JOURNALISTE : J’aurais une question concernant le combat de la Grèce et de la Turquie contre le terrorisme. Vous l’avez mentionné au début de votre intervention. Pendant les discussions bilatérales, la question de la procédure d’extradition des 8 officiers putschistes qui se sont enfuit en Grèce après le coup d’Etat raté du 15 juillet, a été abordée. Pouvez-vous nous dire où en est actuellement la procédure d’extradition de ces officiers ?
Ν. KOTZIAS : Je n’aime pas les coups d’Etat. J’étais jeune au moment du coup d’Etat en Grèce, de 1967 jusqu’en 1974 et je suis donc victime de ce coup d’Etat. Je me souviens même de mes juges militaires.
Nous avons notre propre expérience et le gouvernement à Athènes est composé de personnes qui sont contre les coups d’Etat et bon nombre de celles-ci étaient d’ailleurs en prison lors du putsch susmentionné – les plus âgés, non les plus jeunes.
Par conséquent, lorsque le coup d’Etat a éclaté en Turquie – je me trouvais en Mongolie, en République de Mongolie lors d’une rencontre Europe – Asie – il était normal que je rentre d’urgence le même jour ; nous avons exprimé notre solidarité vis-à-vis des institutions démocratiques en Turquie et avons souligné la nécessité de défendre démocratiquement ces institutions.
Et bien entendu, quiconque prend les armes contre la démocratie devra répondre de ses actes devant la justice turque.
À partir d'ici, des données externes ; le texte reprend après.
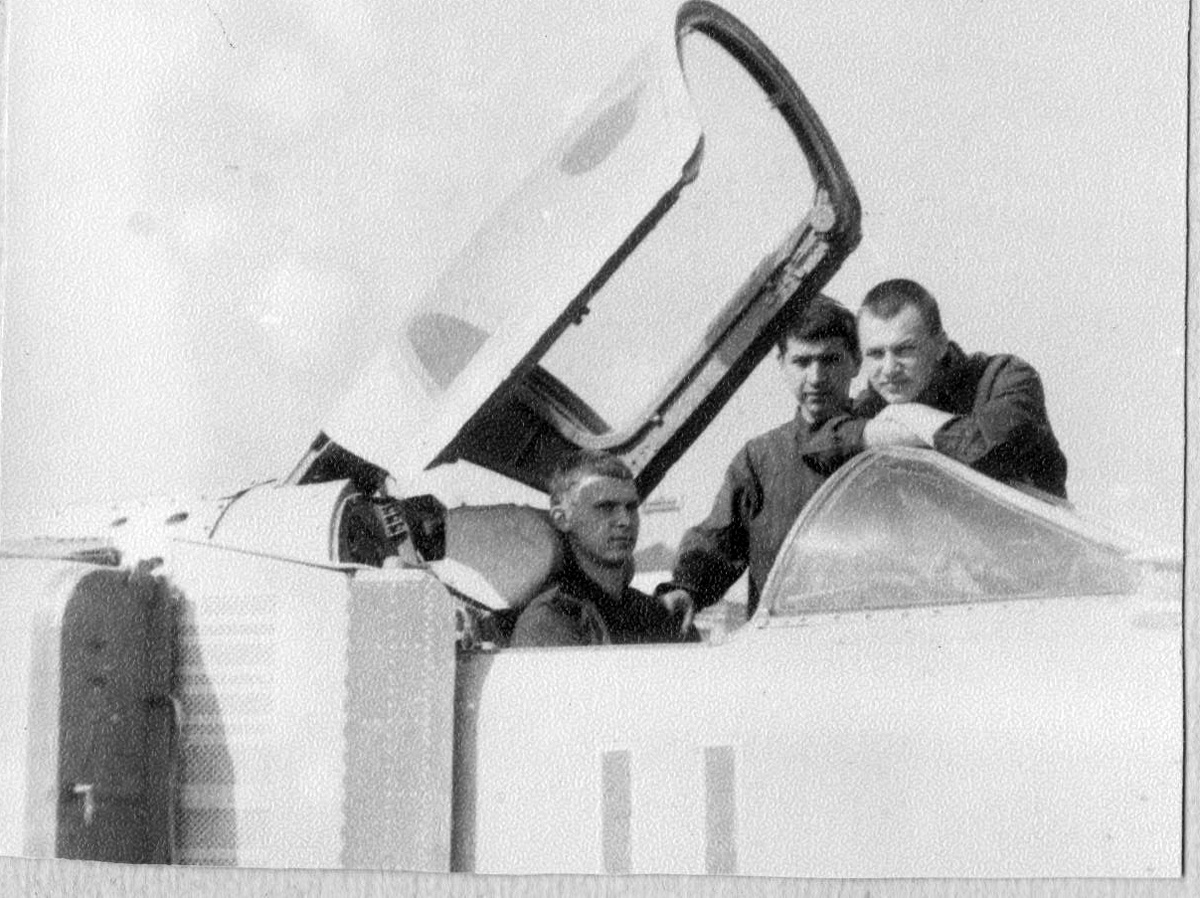 Тамбовское ВВАИУ, 1990 год. Учебный аэродром. 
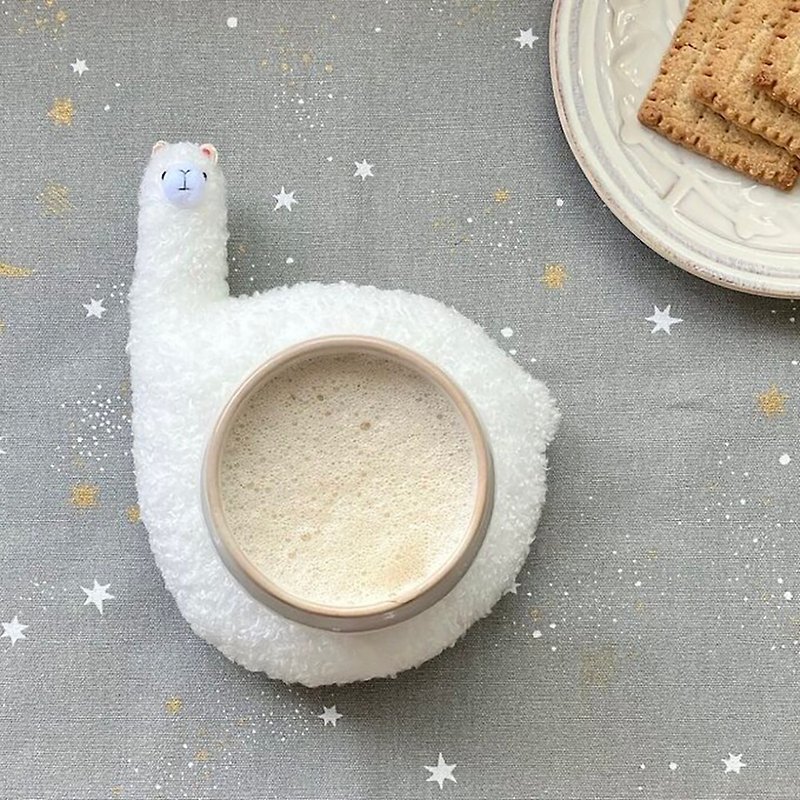alpaca shaped donut coaster - Coasters - Wool White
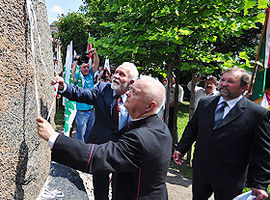 Niech uczy historii, wiary i patriotyzmu…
Les demandeurs d’asile en Grèce obtiennent ou non l’asile par des décisions des tribunaux et non du gouvernement. On peut juger les décisions de justice, les aimer ou non, mais quoi qu’il en soit, il faut les respecter.
Les tribunaux grecs, comme je l’ai souvent dit à Mevlüt, ont souvent rejeté des projets de loi du gouvernement grec. Ils ont même rejeté l’un de nos projets de loi les plus forts qui concernait le contrôle des oligarques des médias de masse. Autrement dit, la Justice dans un Etat de droit, réfléchit à sa manière. Toutes les décisions ne nous plaisent pas, mais le système juridique nous est indifférent. Le tout est de le respecter.
Par contre, pour tout ce qui ne relève pas de la justice, mais de la volonté politique, nous le comprenons et soutenons la République turque.
Et donc, pour ce qui est de la question du terrorisme, je dirais que nous sommes un pays qui n’affectionne guère les groupes terroristes, encore moins le terrorisme.
Je dois dire, et Mevlüt s’en est souvenu, que – en ma qualité d’universitaire – le premier article que j’ai écrit fut à l’âge de 17 ans, sous un pseudonyme, c’était la première année de la junte militaire grecque, et cet article était contre le terrorisme et qui plus est à une période marqueé par le coup d’Etat.
Il est donc plus que manifeste que pour moi-même personnellement et mon gouvernement, quiconque utilise la méthode du terrorisme pour semer la crainte parmi les citoyens et la démocratie doit être condamné et à cet égard la coopération internationale est nécessaire.
Je vous remercie beaucoup Madame pour votre question.